First, the per speaker viewing chart for English Wikipedia:
Second, the per speaker editing chart for English Wikipedia:
Immediately we see there are more editing and viewing activities, per speaker, in some English-speaking countries than in the U.S. For English Wikipedia’s per-speaker viewing activities, the top five regions are Canada, the UK, New Zealand, Australia and Ireland, followed then by the U.S., Malaysia, Netherlands, and other European countries.
For English Wikipedia’s per-speaker editing activities, the top region is, interestingly, Israel. I am not sure whether and how the results make sense. It could mean that the speaker population data listed in the Unicode CLDR language-territory information might underestimate the English-speaking population in Israel, thereby amplifying its per speaker results. It could simply mean that there are indeed more per speaker English Wikipedians in Israel (to me it is unlikely).

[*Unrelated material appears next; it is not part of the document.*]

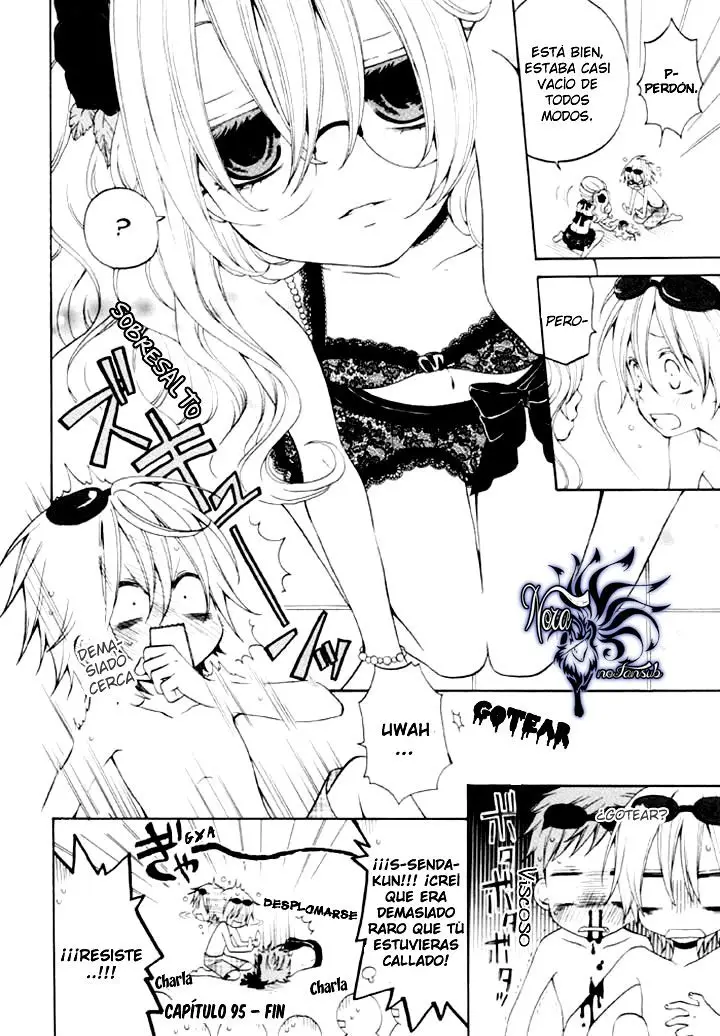 Boku no Ushiro ni Majo ga Iru (2008) - Capítulo 95 - Página 5 - LectorTMOo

For the sake of comparing other regions, the below chart removes Israel from the English Wikipedia’s per-speaker viewing activities.
Somewhat more consistent with the per speaker viewing traffic data, the editing traffic data shows that the other top five editing regions are the U.K., New Zealand, Canada, and Ireland. The U.S. is only the seventh, ranked lower than the sixth Australia and higher than the other top ten countries of the Netherlands, Italy and Spain.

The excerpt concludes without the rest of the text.